Yakov Rabkin a choisi un titre plus « soft » pour son dernier livre : Comprendre l’État d’Israël. Idéologie, religion, société.
Mais le fond du propos est bien celui-ci. Beaucoup de juifs qui ont émigré vers l’Israël pensent que c’est le seul moyen de vivre leur judaïsme. Yakov est un juif religieux auteur d’un précédent ouvrage : Au nom de la Torah, une histoire de l’opposition juive au sionisme (2004). Lors de ma première conférence publique en 2002 sur la guerre israélo-palestinienne, j’avais eu cette intuition : « pour construire l’Israélien nouveau, il a fallu tuer le juif ». Un juif athée et un juif religieux arrivent à peu près à la même conclusion : la société israélienne a éradiqué l’histoire, la mémoire, les identités, les langues, les traditions et les valeurs du judaïsme. Quelque part cette société qui a dérivé vers le colonialisme et l’apartheid est tout sauf fidèle à la continuité juive.
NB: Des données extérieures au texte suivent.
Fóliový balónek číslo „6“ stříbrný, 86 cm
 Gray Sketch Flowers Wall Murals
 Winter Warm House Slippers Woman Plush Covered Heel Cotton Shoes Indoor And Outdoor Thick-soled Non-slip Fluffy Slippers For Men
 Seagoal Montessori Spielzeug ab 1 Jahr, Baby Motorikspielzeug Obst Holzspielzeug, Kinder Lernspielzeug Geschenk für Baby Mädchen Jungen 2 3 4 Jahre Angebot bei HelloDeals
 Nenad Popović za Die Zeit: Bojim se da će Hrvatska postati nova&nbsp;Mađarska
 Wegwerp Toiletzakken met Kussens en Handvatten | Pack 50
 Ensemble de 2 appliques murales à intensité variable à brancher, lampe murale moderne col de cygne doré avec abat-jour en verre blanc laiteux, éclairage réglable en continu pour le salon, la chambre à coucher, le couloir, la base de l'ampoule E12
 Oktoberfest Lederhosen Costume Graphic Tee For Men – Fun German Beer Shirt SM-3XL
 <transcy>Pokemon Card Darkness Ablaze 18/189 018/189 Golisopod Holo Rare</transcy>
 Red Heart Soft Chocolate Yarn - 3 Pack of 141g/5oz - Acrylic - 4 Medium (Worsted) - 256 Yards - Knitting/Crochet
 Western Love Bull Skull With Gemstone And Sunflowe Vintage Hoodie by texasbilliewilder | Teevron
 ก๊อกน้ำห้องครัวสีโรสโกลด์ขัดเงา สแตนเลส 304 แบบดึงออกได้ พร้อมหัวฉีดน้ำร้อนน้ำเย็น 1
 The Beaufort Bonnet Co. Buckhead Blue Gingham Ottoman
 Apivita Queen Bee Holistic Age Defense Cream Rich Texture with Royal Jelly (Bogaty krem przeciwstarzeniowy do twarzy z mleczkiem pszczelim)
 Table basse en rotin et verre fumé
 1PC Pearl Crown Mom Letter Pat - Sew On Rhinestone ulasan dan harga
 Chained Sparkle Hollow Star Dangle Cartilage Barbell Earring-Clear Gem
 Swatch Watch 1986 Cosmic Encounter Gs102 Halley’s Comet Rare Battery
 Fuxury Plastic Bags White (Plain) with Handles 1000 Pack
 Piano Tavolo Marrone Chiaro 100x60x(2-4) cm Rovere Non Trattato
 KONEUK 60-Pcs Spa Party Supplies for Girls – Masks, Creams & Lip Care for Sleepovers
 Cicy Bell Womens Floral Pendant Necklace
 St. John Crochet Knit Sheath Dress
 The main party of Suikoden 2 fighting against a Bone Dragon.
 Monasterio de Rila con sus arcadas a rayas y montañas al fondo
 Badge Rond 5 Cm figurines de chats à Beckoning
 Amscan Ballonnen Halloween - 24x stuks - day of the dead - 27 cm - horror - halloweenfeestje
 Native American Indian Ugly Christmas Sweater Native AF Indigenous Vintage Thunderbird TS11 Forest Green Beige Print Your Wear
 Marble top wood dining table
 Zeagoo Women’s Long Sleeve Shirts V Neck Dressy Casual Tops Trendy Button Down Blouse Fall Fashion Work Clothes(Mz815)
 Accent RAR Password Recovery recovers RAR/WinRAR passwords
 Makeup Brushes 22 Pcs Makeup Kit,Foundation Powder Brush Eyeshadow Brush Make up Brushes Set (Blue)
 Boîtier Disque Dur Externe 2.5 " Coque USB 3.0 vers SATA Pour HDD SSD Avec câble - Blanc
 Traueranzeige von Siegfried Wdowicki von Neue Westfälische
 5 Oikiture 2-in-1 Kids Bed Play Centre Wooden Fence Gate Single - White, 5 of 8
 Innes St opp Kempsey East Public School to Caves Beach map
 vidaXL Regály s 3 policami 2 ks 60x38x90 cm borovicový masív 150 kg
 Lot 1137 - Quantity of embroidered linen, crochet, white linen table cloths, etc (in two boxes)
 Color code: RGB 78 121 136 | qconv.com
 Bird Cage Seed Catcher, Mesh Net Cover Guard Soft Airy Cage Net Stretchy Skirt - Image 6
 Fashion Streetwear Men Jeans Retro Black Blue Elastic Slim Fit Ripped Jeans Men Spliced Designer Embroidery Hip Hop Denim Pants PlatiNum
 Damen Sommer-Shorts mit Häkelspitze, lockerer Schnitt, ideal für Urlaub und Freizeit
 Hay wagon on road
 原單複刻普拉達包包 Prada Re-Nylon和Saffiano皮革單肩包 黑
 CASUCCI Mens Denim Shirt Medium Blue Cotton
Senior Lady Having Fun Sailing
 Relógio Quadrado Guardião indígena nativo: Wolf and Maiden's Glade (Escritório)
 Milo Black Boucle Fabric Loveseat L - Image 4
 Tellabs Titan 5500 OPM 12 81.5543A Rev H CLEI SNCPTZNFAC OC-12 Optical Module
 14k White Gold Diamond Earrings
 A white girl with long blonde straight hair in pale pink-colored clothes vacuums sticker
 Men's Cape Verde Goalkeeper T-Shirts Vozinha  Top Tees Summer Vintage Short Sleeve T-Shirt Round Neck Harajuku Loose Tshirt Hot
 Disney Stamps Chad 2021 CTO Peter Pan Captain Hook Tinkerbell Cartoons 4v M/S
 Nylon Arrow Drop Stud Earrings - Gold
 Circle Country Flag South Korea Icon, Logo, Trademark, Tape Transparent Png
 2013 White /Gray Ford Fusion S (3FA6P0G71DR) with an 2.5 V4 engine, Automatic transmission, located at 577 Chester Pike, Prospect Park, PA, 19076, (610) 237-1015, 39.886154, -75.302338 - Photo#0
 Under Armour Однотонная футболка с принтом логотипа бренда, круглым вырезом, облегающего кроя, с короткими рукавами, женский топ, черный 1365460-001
L’universitaire israélien Amnon Raz-Krakotzkin a bien saisi le paradoxe du sionisme fondé par des juifs athées ou agnostiques : « Dieu n’existe pas et il nous a promis cette terre ».
C’est pourquoi son compatriote Shlomo Sand dans son commentaire sur ce livre dit : « Celui qui voit dans le sionisme une continuation du judaïsme ferait bien de lire ce livre. Mais celui qui croit que l’État d’Israël est un État juif est obligé de le lire ».